Con una sintesi brutale: non tutti i catechisti saranno Catechisti (le maiuscole e le minuscole sono presenti nella stessa Scheda, che le riprende esattamente dalla Nota), ma solo quelli dediti al catecumenato degli adulti e alcuni di quelli dediti all’iniziazione cristiana dei ragazzi. Il che è del tutto sensato e ragionevole, considerando quanto spesso i catechisti si trovino ad essere, nella realtà fattuale delle attuali parrocchie italiane, soprattutto persone volenterose e ben disposte che si mettono a disposizione della comunità condividendo quel che a loro volta hanno ricevuto (ciò non significa che l’abbiano approfondito e integrato in una adeguata riflessione teorica, e soprattutto in una vita armoniosamente radicata nell’Evangelo fedelmente trasmesso dal Magistero ecclesiastico). Tutto questo è del tutto sensato, dicevamo, ma lascia le condizioni perché si presentino almeno questi problemi: 

  • in tutte le parrocchie si scateneranno ovvie dinamiche di prevaricazione, invidia, gelosia, per un titolo che ha un bel dirsi “non una carica onorifica”, significando comunque “un ufficio qualificato all’interno della Chiesa” (e in moltissime comunità si commettono peccati non veniali per titoli assai meno impegnativi); 
  • nei movimenti ecclesiali che al ministero di catechista attribuiscono per statuto un’importanza di fatto spesso superiore a quella del presbitero e talvolta sconfinante con quella del vescovo (chi scrive ha visto in più circostanze ordinazioni presbiterali rinviate per il giudizio del catechista e contro quello del vescovo…) l’eventuale mancato conferimento dell’istituzione ministeriale a chi già esercita il catechistato (e quel catechistato) significherebbe un insostenibile discredito per il/la stesso/a catechista all’interno della propria comunità. Ciò conferirebbe 

    • da un lato una forte leva in mano al Vescovo per “moderare” le tendenze serpeggianti in certi contesti ecclesiali… 
    • e dall’altro un “inquadramento normativo” che, per quanto gradito, potrebbe ricadere comunque “riduttivo” per contesti in cui la catechesi e il catechista hanno un’importanza inespressa altrove. 
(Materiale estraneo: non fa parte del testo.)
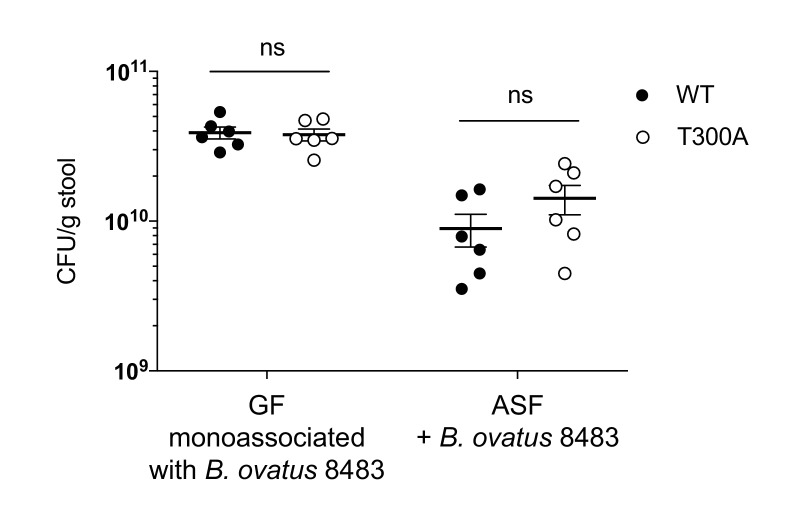 Figure 8—figure supplement 2.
Resta da tener presente (e forse lo si poteva precisare più chiaramente) che in ordine al ministero, preso nel suo complesso, si devono distinguere: 

  • il rito (che conferisce un “qualcosa” di permanente e che pertanto non può essere neppure ripetuto); 
  • e il mandato (che invece è dato ad quinquennium e che va soggetto a verifica e rinnovo). 
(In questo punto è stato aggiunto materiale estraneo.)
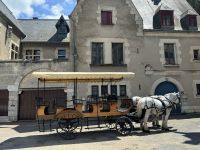 Unsere Pferdekutsche 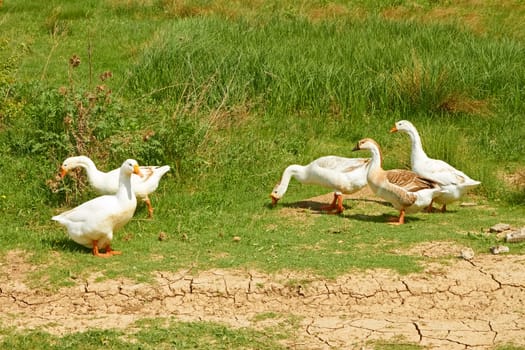 Group of five domestic geese in the pasture among green grass in springtime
Nel complesso, lo strumento proposto dal Papa e adottato dalla CEI è potente e molto articolato… il che non lo esime dai rischi di distorsioni (anche forti) in seno alla comunità. Il riferimento alla verifica sinodale è in tal senso più che appropriato, ma pure la sinodalità è un’arte che non si impara senza il Soffio del Consolatore (mai da dare per scontato) e che neppure in quel caso prescinde dalle fragilità, dalle ferite, dalle debolezze degli uomini (e delle donne). Il che, visto che si parla di strumenti volti ad evangelizzare, va certamente tenuto in considerazione.